また、突き押しだけで横綱になるのは難しいことを指摘してみた。

「オレがその常識をくつがえして、突き押し横綱第1号になるよ。でも、今はいいけど、27、28歳になると、スタミナ維持のため四つ相撲を取らなければならないかも知れないけどね。まあ、突き押しにこだわるのはオレのポリシーだから。横浜ベイスターズの三浦投手(当時、現在は横浜DeNAベイスターズ監督)がリーゼントをやめたら、オレも四つ相撲になるかも(笑)。ポリシー対決だね(笑)」

 そして好きな食べ物は「オレはあんまり肉が好きじゃない。魚介類が好きだね。今どきの若者はあまり魚介類を食べない? 最近の若いヤツは子供だからね(笑)。
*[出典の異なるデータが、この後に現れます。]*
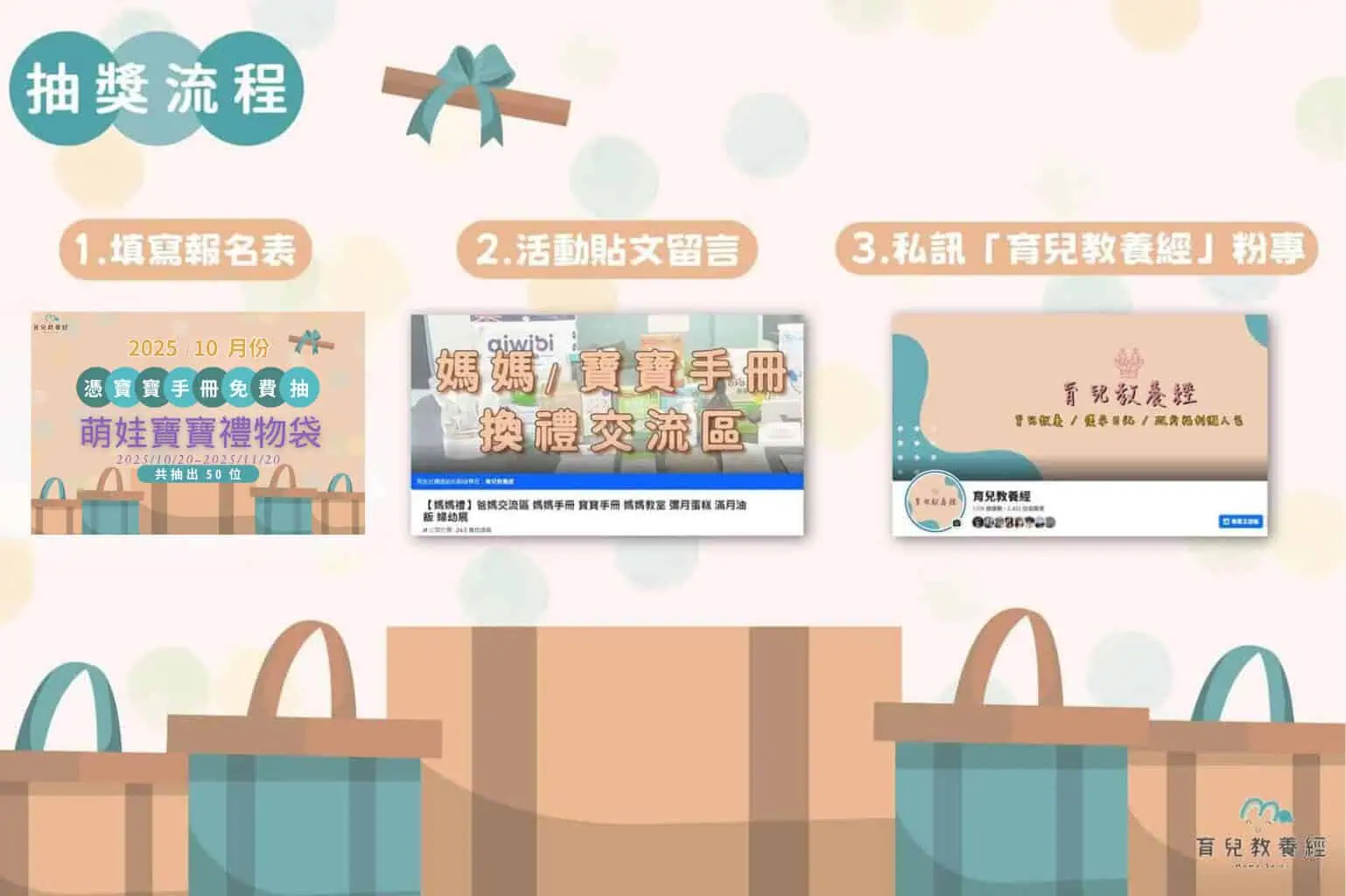 10月份禮物袋活動流程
それにいい魚介類を食ってないんじゃないの」。

 この時の千代大海はまだ弱冠22歳だった。

悲願「突き押し主体の横綱」にはなれず

 千代大海はその後2回の優勝を果たしたものの、結局、悲願だった突き押し主体の横綱にはなれなかった。四つ相撲に比べて、どうしても安定感に欠けるところがあるからだ。

 立ち合い踏み込みがいいとあっという間に相手力士を土俵外へ運ぶ馬力には定評があった。平成12年初場所12日目には、右前まわし左差しで闘牙を一蹴。負けた闘牙が、「イテー、大関にかまされた時、大関の頭が胸の下に当たって息ができなかった。風呂場でくしゃみをしたら、死ぬかと思ったよ。逆に背中からグッと押したら直るかなあ(笑)」というほど威力があった。

 現在の貴景勝もそうだが、常に立ち合いで思い切ってぶちかましていると、どうしても首を痛めやすい。

 相手の体勢があまりに低い時には、立ち合いで変化することもあった。平成12年秋場所10日目には、千代大海は立ち合い右へ変わっって雅山をはたき込んだ。わずか0秒5の決着。大関同士の対戦とあって館内には不満そうな表情を浮かべるお客さんもいた。

 千代大海は、翌11日目の栃乃花戦では、頭で当たってから徹底した突きで押し倒した。

「今日はブーイングがないような相撲を取ったよ。仕切っている途中、中年のお客さんが『変わるなよ』って言っていたんだ(笑)。それで真っ向勝負で勝ったら『それが相撲道だ』なんて言っていたよ(笑)」

 相撲の質(たち)からやや興奮気味に取っているように見えるが、冷静な面もある力士だった。